Try it
Can you write out every line from the start of the records below through the line containing "Once the IP", leaving out any pictures?

Records for this exercise
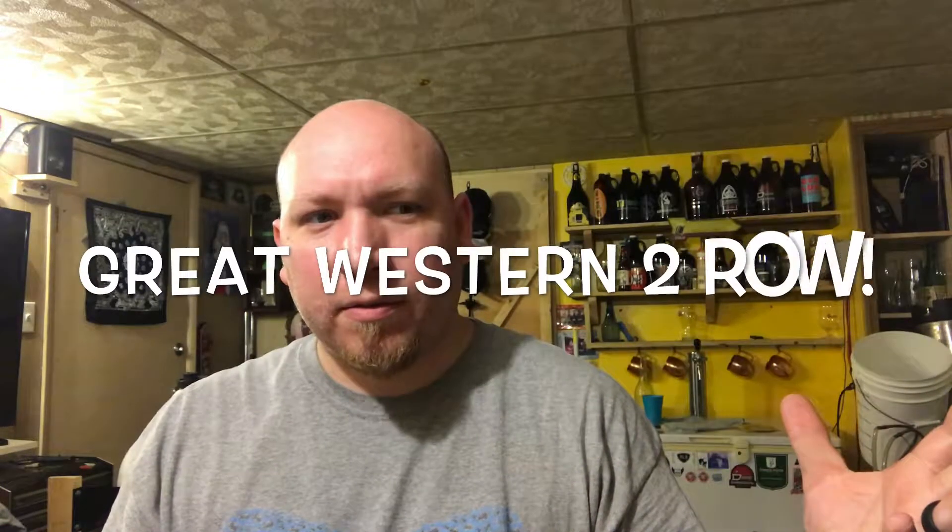Welcome back to another episode of Best Brew Ever, continuing the back-to-basics base malt experiments. This is the third one — I did the Maris Otter, the Northwest pale malt, and this one is Sugar Creek Yield pale malt. All of them used eight and a half pounds of grain with the California common or California lager yeast.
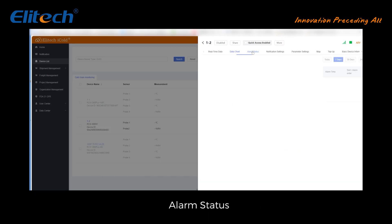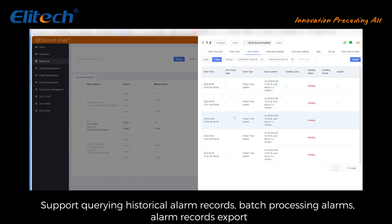Alarm status: supports querying historical alarm records, batch processing alarms, and exporting alarm records.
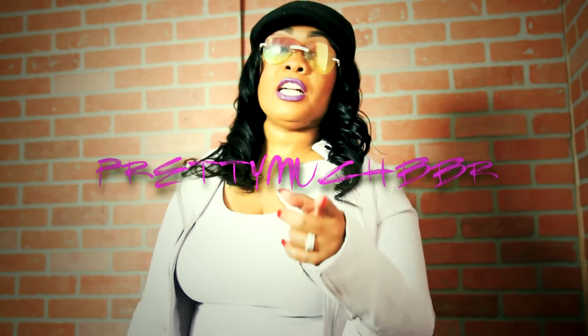I'm gonna show you guys how to do a soft glam all the way to a full face beat down for the gods. Subscribe, comment, like, share — tell a friend, tell all your friends. Tune in, I got you.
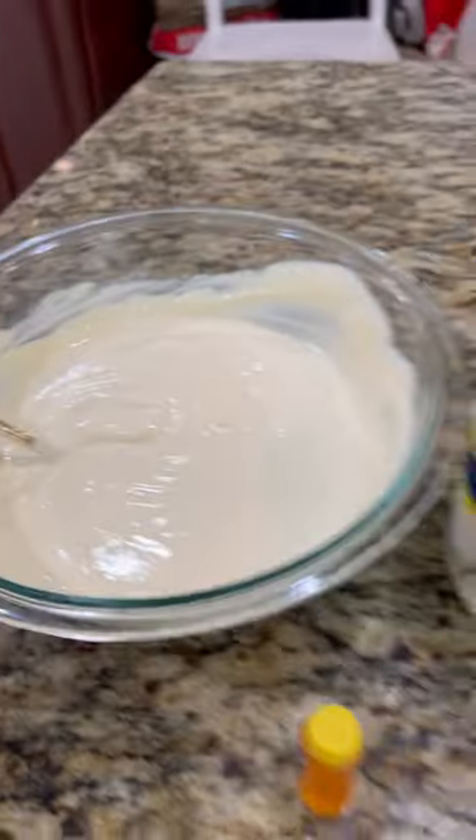So I used honey vanilla Greek yogurt, three drops of yellow food coloring, and I think it turned out great. Didn't take a miracle to whip this up, but I do hope this prop tip will spread.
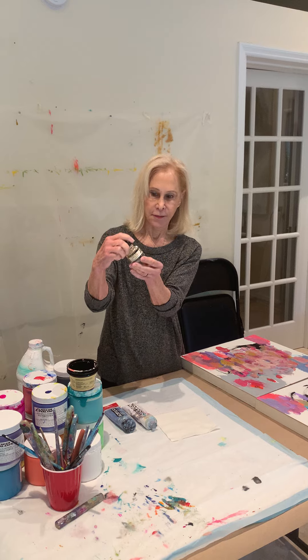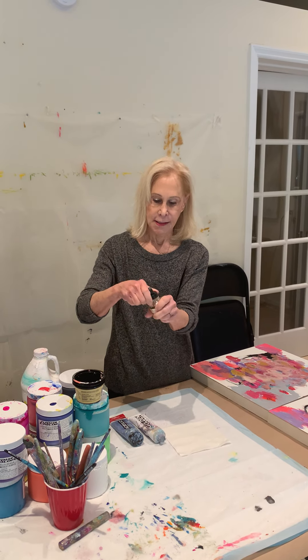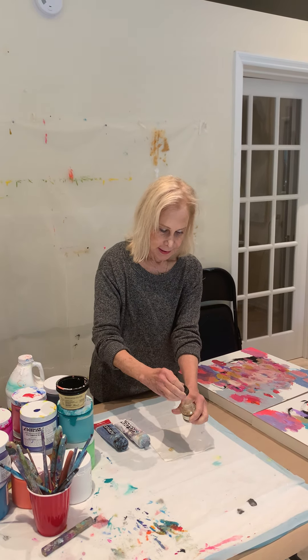It comes in fluid and it's kind of opaque. I'll show you on this napkin what that looks like. For me and my technique, I like a lot of layering — this is too transparent.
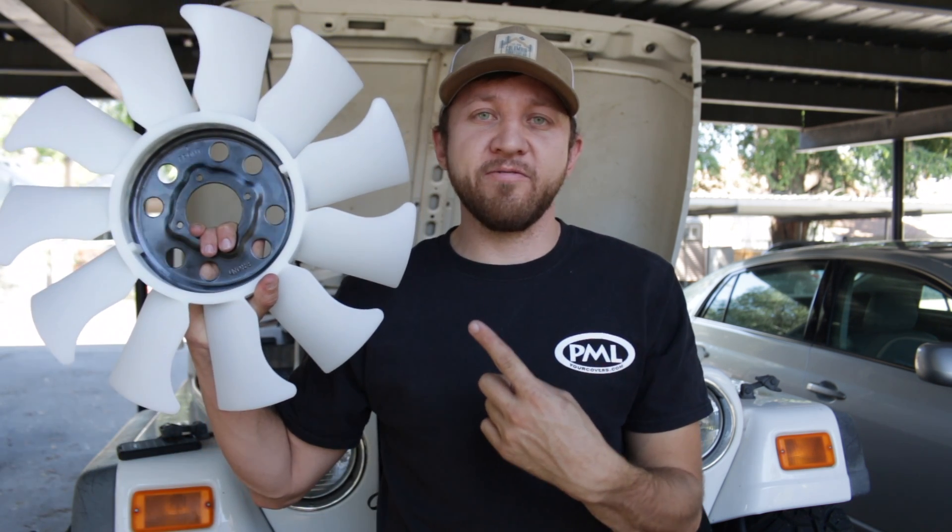What's up everyone? So this time on Embark with Mark, we're back at it. We're gonna take a look at a Ford fan yet again. Let's get into it.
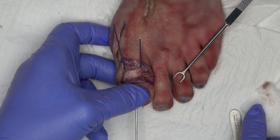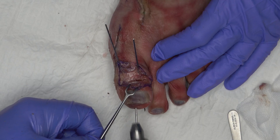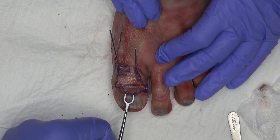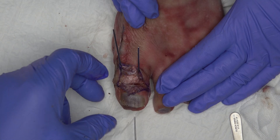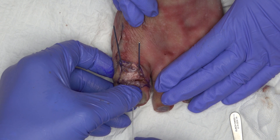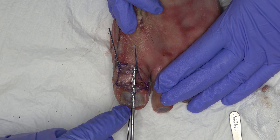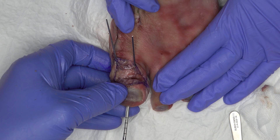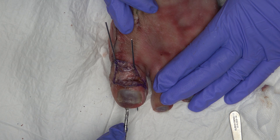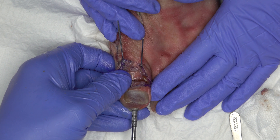Once the IP joint is stabilized, a skin incision is made at the tip of the toe with the scalpel. The 1.6 mm K wire is exchanged for a 1.2 mm guide wire. Drilling and tapping is then performed over this 1.2 mm guide wire for Shark Screw. The reaming should be done gradually. For the IP arthrodesis, a Shark Screw Diver with a diameter of 5.0 mm and a length of 35 mm or 45 mm is required.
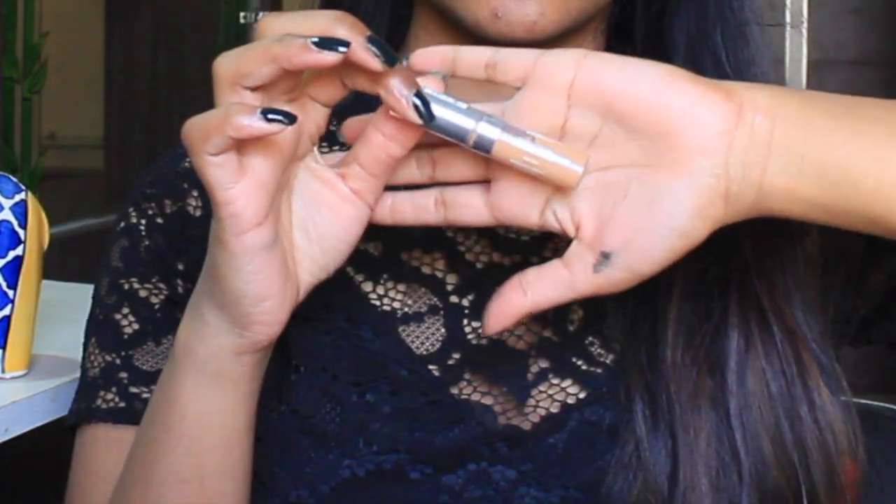For my primer, I'm using the Colourbar primer today — applying it under my eyes, a little bit on my nose, around my mouth, the usual areas, and a little bit on my forehead. I've applied the Baby Lips by Maybelline because I'll be using a matte lipstick today. Concealer is by L'Oreal — dotting it all over the places and under my eyes, using the ring finger to blend.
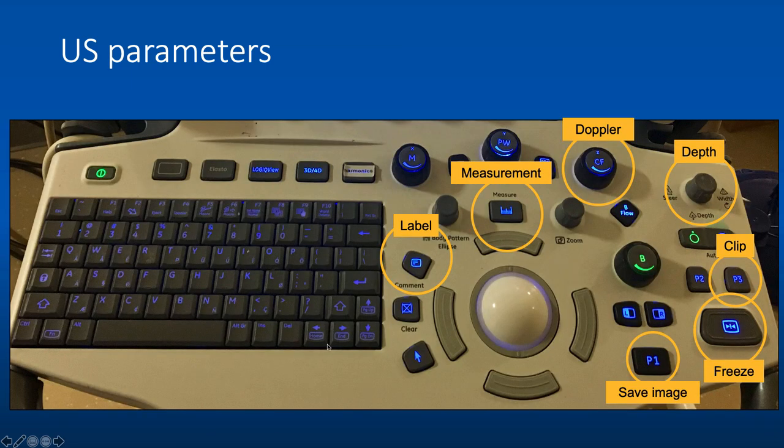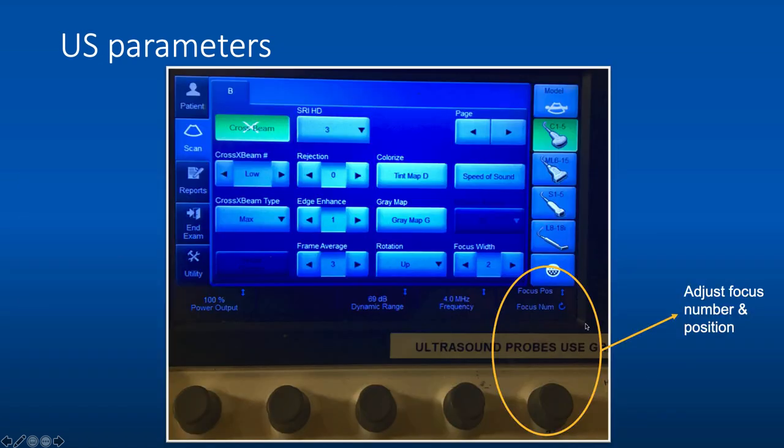Here are some important buttons: this button labels images; this button performs measurements; the Doppler button assesses for blood flow; pushing this knob up and down changes image depth. To perform a cine clip, hit P3 then take the image you want. For a single still image, hit freeze then save. On the upright part of the machine, you can adjust the number of focal points by twisting the knob, and push the knob up and down to change the position of the focal points.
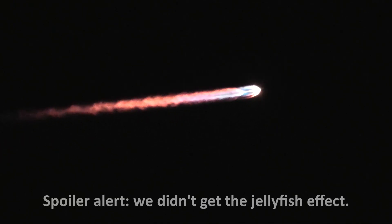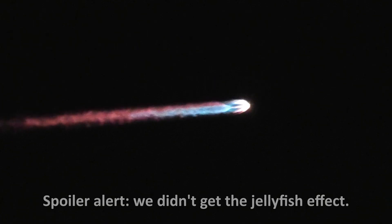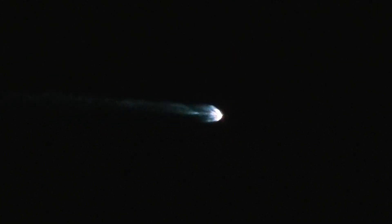We're hoping that the lighting will be good so we'll get the jellyfish, but we'll see. 60X again. I guess there's no jellyfish.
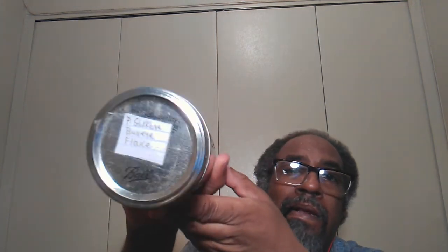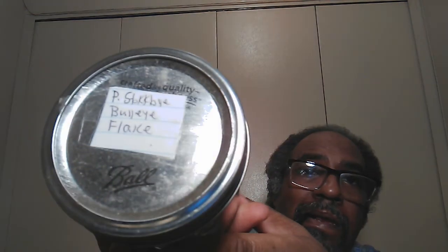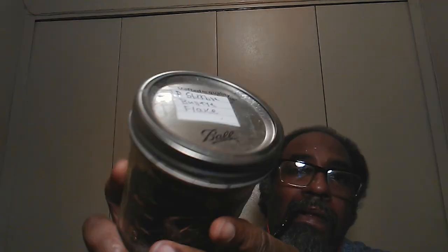Now the first blend that I have here is Peter Stoker B's Bullseye Flake. This is what I'm going to be having — the Bullseye.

Response below
Welcome back to another episode of Best Brew Ever, continuing the back-to-basics base malt experiments. This is the third one — I did the Maris Otter, the Northwest pale malt, and this one is Sugar Creek Yield pale malt. All of them used eight and a half pounds of grain with the California common or California lager yeast.
Alarm status: supports querying historical alarm records, batch processing alarms, and exporting alarm records.
I'm gonna show you guys how to do a soft glam all the way to a full face beat down for the gods. Subscribe, comment, like, share — tell a friend, tell all your friends. Tune in, I got you.
So I used honey vanilla Greek yogurt, three drops of yellow food coloring, and I think it turned out great. Didn't take a miracle to whip this up, but I do hope this prop tip will spread.
It comes in fluid and it's kind of opaque. I'll show you on this napkin what that looks like. For me and my technique, I like a lot of layering — this is too transparent.
What's up everyone? So this time on Embark with Mark, we're back at it. We're gonna take a look at a Ford fan yet again. Let's get into it.
Once the IP joint is stabilized, a skin incision is made at the tip of the toe with the scalpel. The 1.6 mm K wire is exchanged for a 1.2 mm guide wire. Drilling and tapping is then performed over this 1.2 mm guide wire for Shark Screw. The reaming should be done gradually. For the IP arthrodesis, a Shark Screw Diver with a diameter of 5.0 mm and a length of 35 mm or 45 mm is required.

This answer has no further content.